Mit „Das dritte Leben“ zeichnet der Mediapart-Journalist Fabrice Arfi die Reise eines rumänischen Spions in Frankreich während des Kalten Krieges nach. Ein sehr persönlicher Text in Form einer Geschichte einer unmöglichen Untersuchung, bei der gut gehütete politische Geheimnisse ans Licht kommen.
Im ersten Moment ist es fast ein Märchen. In den 1960er Jahren wurde in Villeurbanne, einem Vorort von Lyon, ein alter pensionierter italienischer Einwanderer, Jean Benedetto, von einem rumänischen Staatsbürger kontaktiert, der sagte, er sei sein Neffe. Er wäre der Sohn eines Bruders von Jean, einem Soldaten im Krieg von 1914, von dem alle glaubten, er sei an der Front gestorben.
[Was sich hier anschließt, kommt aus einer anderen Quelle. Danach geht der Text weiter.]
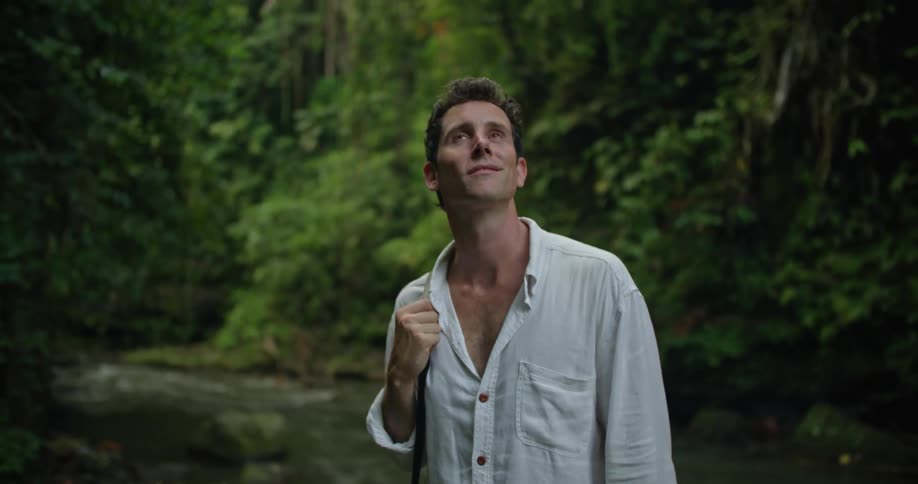 A man is standing by a stream holding his camera strap and looking up at the trees in the rainforest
Eigentlich hätte er in Rumänien ein neues Leben begonnen.
Jean lädt seinen Neffen ein, bei seiner Frau in Villeurbanne zu wohnen, und hilft ihm bei der Beschaffung von Papieren. Umzug? Abgesehen davon, dass alles falsch ist: Der Mann hat keine Beziehung zu Jean, er ist ein Spion der rumänischen Securitate, der dank dieser List nach Frankreich geschickt wurde, um eine geheime Mission auszuführen. Fabrice Arfi forschte fünfzehn Jahre lang, um herauszufinden, worum es bei dieser Mission ging.
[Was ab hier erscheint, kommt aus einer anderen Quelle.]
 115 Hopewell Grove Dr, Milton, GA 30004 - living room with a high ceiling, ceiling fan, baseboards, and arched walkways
Erstens war ich investigativer Journalist, und das schon seit 25 Jahren, aber zweitens war ich etwas anderes. Ich habe diesen Journalisten verlassen, um für mich ungewöhnliche Gebiete des Schreibens und Geschichtenerzählens zu erobern.
Unter seiner Feder enthüllte Skandale
Der erfahrene Journalist Fabrice Arfi arbeitet seit der Gründung dieses investigativen Online-Mediums durch Edwy Plenel bei Mediapart. Er leitet dort die Ermittlungsabteilung. Bettencourt-Affären, Karatschi, die libysche Finanzierung des Präsidentschaftswahlkampfs von Nicolas Sarkozy, Jérôme Cahuzacs geheimes Konto – eine Reihe von Skandalen, die die Französische Republik in den letzten Jahren erschüttert haben, wurden unter seiner Feder aufgedeckt.
Als er 2008 zum ersten Mal von dieser rumänischen Spionagegeschichte hörte, stürzte er sich mit seinen üblichen Waffen darauf. Untersuchung, Archive, Kontakte, Überprüfung. „Aber manchmal, je näher wir der Wahrheit kommen, desto mehr scheint sie uns zu entgleiten“, erklärt er im QWERTZ-Podcast vom 18. November. Tatsächlich gibt es auch fünfzehn Jahre später immer noch mehrere Grauzonen, die Arfi immer noch nicht klären konnte.
Aber genau das macht die Faszination seines Buches aus. „Das dritte Leben“ ist mehr als eine einfache Untersuchung, es ist die Geschichte einer unmöglichen Untersuchung, einer Staatsfiktion mit Schubladen, in der gut gehütete politische Geheimnisse ans Licht kommen und jede Gewissheit in Frage gestellt wird. Im Hintergrund die unruhige Atmosphäre des Kalten Krieges, vergessene Minister, eine Atmosphäre, die eines John-Le-Carré-Romans würdig wäre, und im Mittelpunkt ein durch so viele Geheimnisse destabilisierter Ermittler. Letztendlich ist dieses Buch zweifellos der persönlichste Text von Fabrice Arfi.
Es dauerte lange, bis mir klar wurde, dass ich bei dem Versuch, Benedettos Leben zu verstehen, mich selbst untersuchte, genauer gesagt die Beziehung, die ein Journalist zur Wahrheit hat.
Eine persönliche Geschichte
Nach und nach offenbart Arfi im Laufe der Seiten seine Besessenheit von dieser Geschichte, in der mehrere Charaktere, die er persönlich kannte, die Protagonisten sind, darunter sein Vater, ein Inspektor der Finanzbrigade zum Zeitpunkt der Ereignisse. Vor allem vermuten wir, dass ihn dieser Text mit seinem eigenen Verhältnis zu Fiktion und Realität konfrontiert.
„Es gibt etwas im Akt des Schreibens, das darin besteht, das Schicksal eines Buches sowohl denjenigen zu überlassen, die es lesen, als auch demjenigen, der es schreibt. Das war für den journalistischen Ermittler, der ich bin, nicht üblich. Deshalb das.“ Die Geschichte faszinierte mich zunächst durch das, was sie erzählte, und verfolgte mich dann durch das, was sie nicht erzählte“, gesteht er.
Sylvie Tanette/mh
Fabrice Arfi, „Das dritte Leben“, éditions du Seuil, Oktober 2024.